Combined Application of Speech Recognition and Natural Language Processing Technologies in the Electric Power Industry
Published Online: Mar 19, 2025
Received: Nov 02, 2024
Accepted: Feb 02, 2025
DOI: https://doi.org/10.2478/amns-2025-0530
Keywords
© 2025 Tao Xu et al., published by Sciendo
This work is licensed under the Creative Commons Attribution-NonCommercial-NoDerivatives 4.0 International License.

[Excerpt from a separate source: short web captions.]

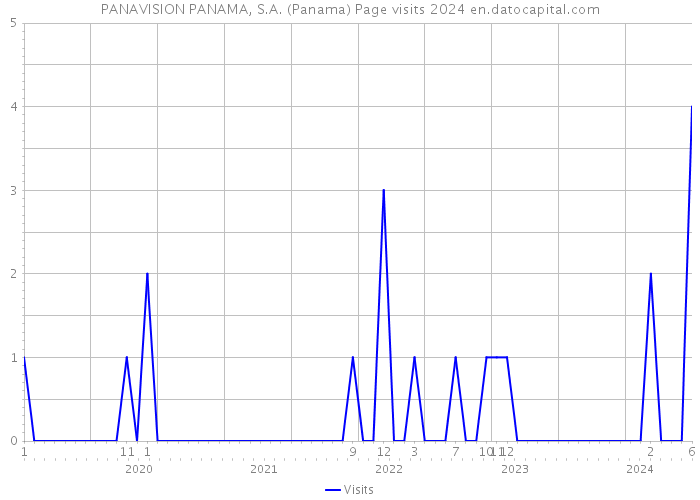 PANAVISION PANAMA, S.A. (Panama) Page visits 2024 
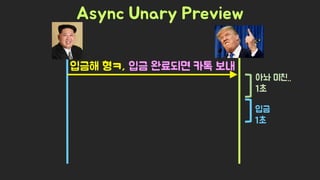 Spring Camp 2017 - gㅏ벼운 RPC, gRPC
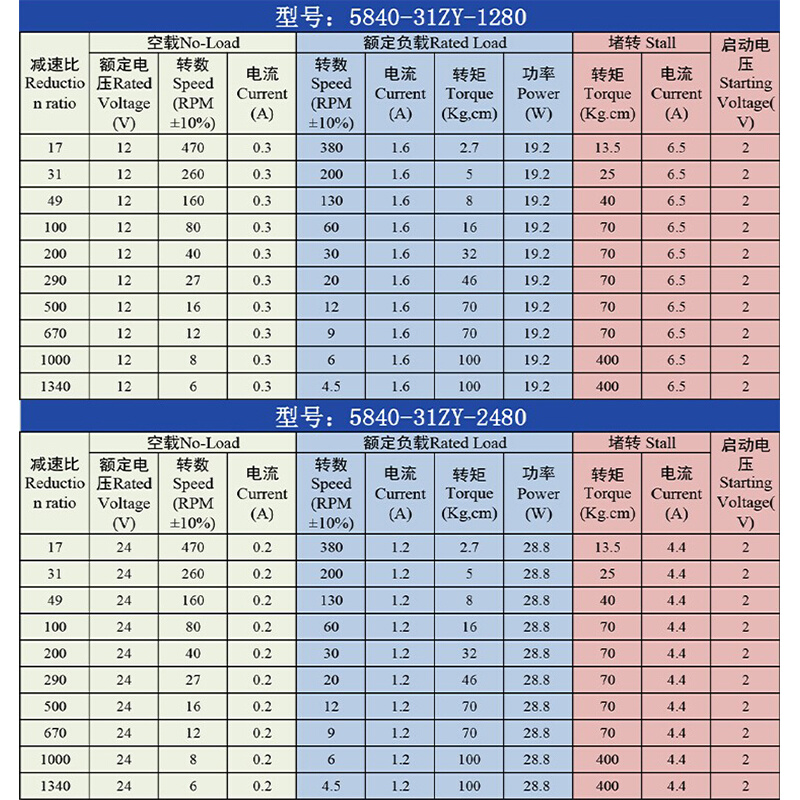 5840-31ZY涡轮蜗杆微型直流减速调速电机12v24v自锁齿轮双轴马达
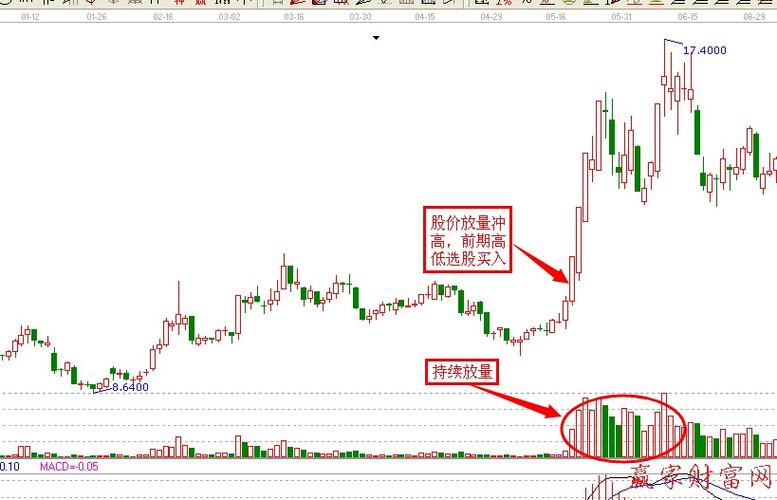 底部放量上涨收长影线，是建仓还是出货？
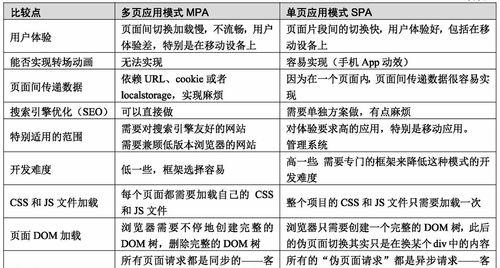 单页应用与多页应用哪种对SEO更有利？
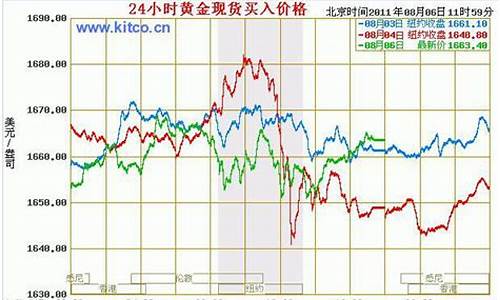 怎样知道实时金价走势_如何查看金价涨跌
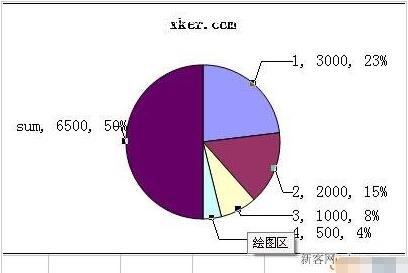 excel怎么制作半圆饼图 excel圆饼图如何制作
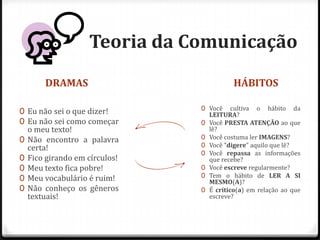 Teoria da Comunicação
DRAMAS HÁBITOS
0 Eu não sei o que dizer!
0 Eu não sei como começar
o meu texto!
0 Não encontro a palavra
certa!
0 Fico girando em círculos!
0 Meu texto fica pobre!
0 Meu vocabulário é ruim!
0 Não conheço os gêneros
textuais!
0 Você cultiva o hábito da
LEITURA?
0 Você PRESTA ATENÇÃO ao que
lê?
0 Você costuma ler IMAGENS?
0 Você “digere” aquilo que lê?
0 Você repassa as informações
que recebe?
0 Você escreve regularmente?
0 Tem o hábito de LER A SI
MESMO(A)?
0 É crítico(a) em relação ao que
escreve?
 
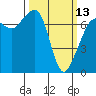 Lopez Island Ferry tide chart for Monday, March 13, 2023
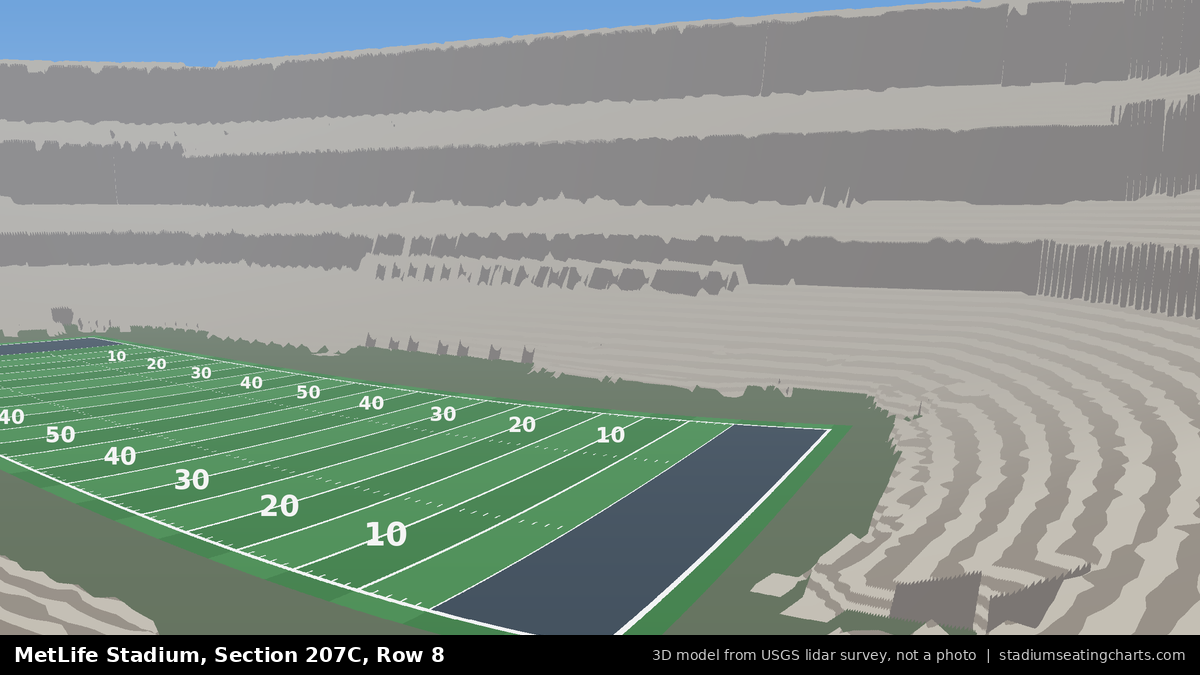 View from MetLife Stadium Section 207C, Row 8, looking toward the field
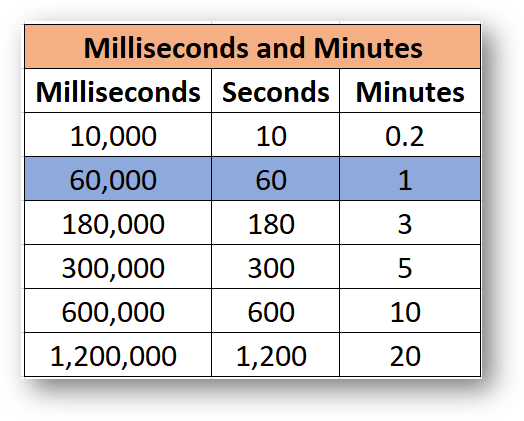 timer trigger in miliseconds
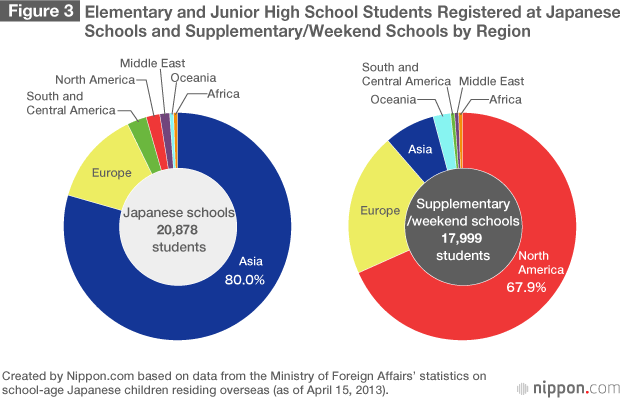 Japanese Children at School Around the World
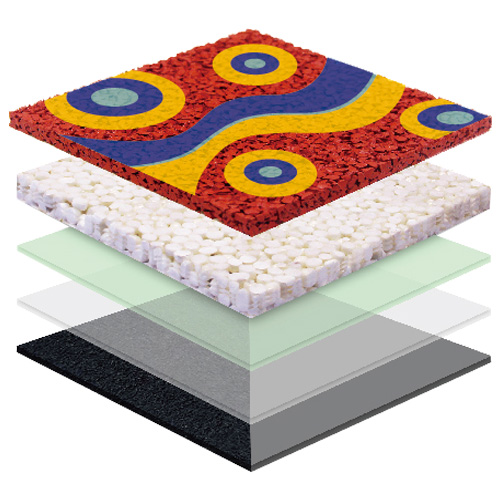 潮州无缝预制型塑胶跑道EPDM面层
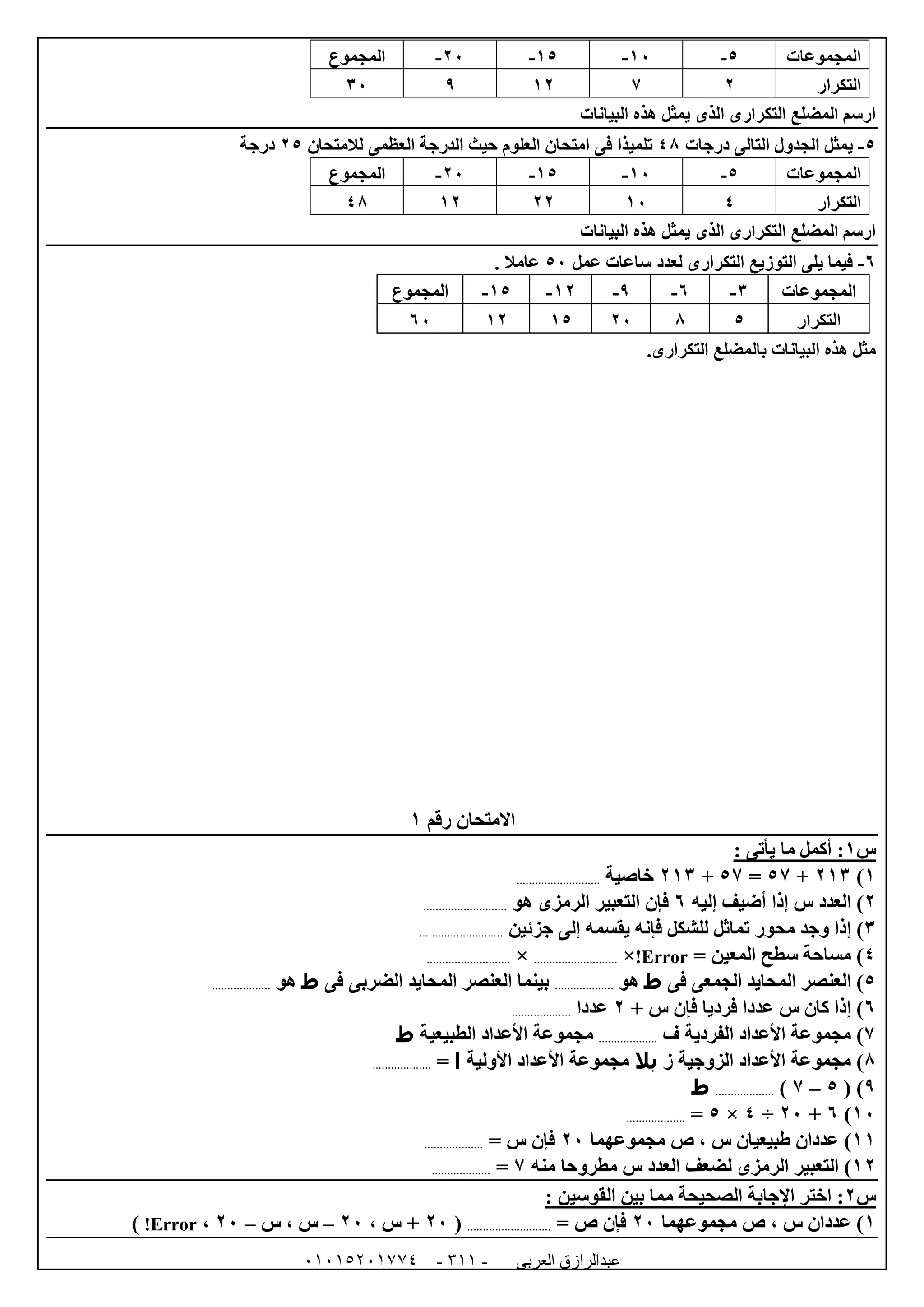 ‫العربى‬ ‫عبدالرازق‬51510251110 -111-
‫المجموعات‬5-02-05-02-‫المجموع‬
‫التكرار‬0700962
‫البيانات‬ ‫هذه‬ ‫يمثل‬ ‫الذى‬ ‫التكرارى‬ ‫المضلع‬ ‫ارسم‬
5-‫درجات‬ ‫التالى‬ ‫الجدول‬ ‫يمثل‬48‫تلميذا‬‫لالمتحان‬ ‫العظمى‬ ‫الدرجة‬ ‫حيث‬ ‫العلوم‬ ‫امتحان‬ ‫فى‬05‫درجة‬
‫المجموعات‬5-02-05-02-‫المجموع‬
‫التكرار‬402000048
‫البيانات‬ ‫هذه‬ ‫يمثل‬ ‫الذى‬ ‫التكرارى‬ ‫المضلع‬ ‫ارسم‬
1-‫عمل‬ ‫ساعات‬ ‫لعدد‬ ‫التكرارى‬ ‫التوزيع‬ ‫يلى‬ ‫فيما‬52. ‫عامال‬
‫المجموع‬ 05- 00- 9- 1- 6- ‫المجموعات‬
12 00 05 02 8 5 ‫التكرار‬
.‫التكرارى‬ ‫بالمضلع‬ ‫البيانات‬ ‫هذه‬ ‫مثل‬
‫رقم‬ ‫االمتحان‬0
‫س‬0: ‫يأتى‬ ‫ما‬ ‫أكمل‬ :
0)006+57=57+006‫خاصية‬...........................
0‫إليه‬ ‫أضيف‬ ‫إذا‬ ‫س‬ ‫العدد‬ )1‫هو‬ ‫الرمزى‬ ‫التعبير‬ ‫فإن‬...........................
6‫محو‬ ‫وجد‬ ‫إذا‬ )‫جزئين‬ ‫إلى‬ ‫يقسمه‬ ‫فإنه‬ ‫للشكل‬ ‫تماثل‬ ‫ر‬...........................
4= ‫المعين‬ ‫سطح‬ ‫مساحة‬ )Error!×...........................×...........................
5)‫العنصر‬‫فى‬ ‫الجمعى‬ ‫المحايد‬‫ط‬‫هو‬...................‫فى‬ ‫الضربى‬ ‫المحايد‬ ‫العنصر‬ ‫بينما‬‫ط‬‫هو‬...................
1)+ ‫س‬ ‫فإن‬ ‫فرديا‬ ‫عددا‬ ‫س‬ ‫كان‬ ‫إذا‬0‫عددا‬...................
7)‫ف‬ ‫الفردية‬ ‫األعداد‬ ‫مجموعة‬...................‫الطبيعية‬ ‫األعداد‬ ‫مجموعة‬‫ط‬
8)‫ز‬ ‫الزوجية‬ ‫األعداد‬ ‫مجموعة‬‫بال‬‫األولية‬ ‫األعداد‬ ‫مجموعة‬‫ا‬=...................
9)(5–7)...................‫ط‬
02)1+02÷4×5=...................
00)‫مجموعهما‬ ‫ص‬ ، ‫س‬ ‫طبيعيان‬ ‫عددان‬02= ‫س‬ ‫فإن‬...................
00)‫منه‬ ‫مطروحا‬ ‫س‬ ‫العدد‬ ‫لضعف‬ ‫الرمزى‬ ‫التعبير‬7=...................
‫س‬0: ‫القوسين‬ ‫بين‬ ‫مما‬ ‫الصحيحة‬ ‫اإلجابة‬ ‫اختر‬ :
0‫مجموعهما‬ ‫ص‬ ، ‫س‬ ‫عددان‬ )02= ‫ص‬ ‫فإن‬...........................(02، ‫س‬ +02–‫س‬ ، ‫س‬–02،Error!)
 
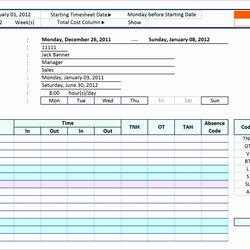 Preeminent Weekly Sales Tracking Template In Excel Templates Attendance Sheet Spreadsheet Payroll Training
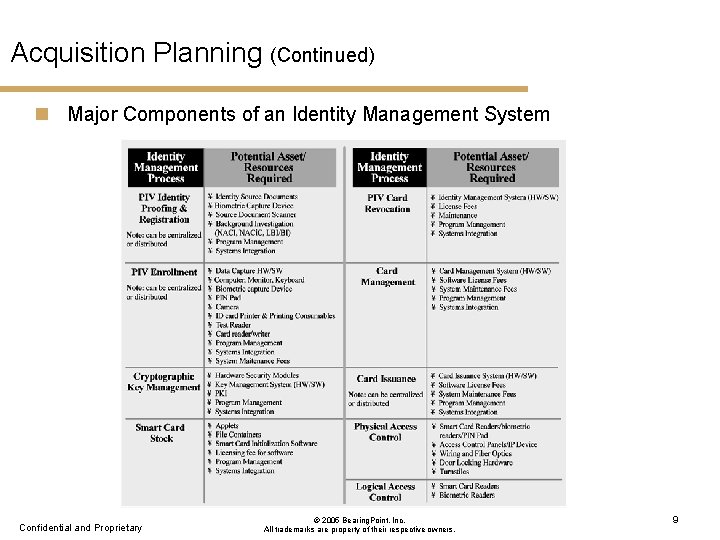 Acquisition Planning (Continued) n Major Components of an Identity Management System Confidential and Proprietary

The application of speech recognition technology in the power industry can improve the collaborative efficiency of power grids at all levels and reduce the work intensity of dispatchers, which is one of the indispensable key technologies in the process of intelligent development of power grids. In this study, a power speech recognition model is designed based on the combination of Transformer-based out-of-set word model and n-gram language error checking based model. For model application, a training set is used for model training to test the input features of the model in this paper. Subsequently, a power speech dataset was created, which was used for model comparison to validate the effectiveness of the algorithms in the paper. System design using the algorithms proposed in the paper is carried out to process real-time speech, speech files, and speech information from telephone terminals. The results show that the Spectrogram feature of the speech signal is more suitable as the input feature of the model in this paper, which can reduce the word error rate of the speech recognition model. The model in this paper performs best in all four metrics: Accurary, Precision, Recall, and F1. The parameter count of the proposed method in this paper is 25, the word error rate WER is 8.21%, and the real-time rate RTF is 0.017, which indicates that the algorithm has a good generalization performance on power speech dataset.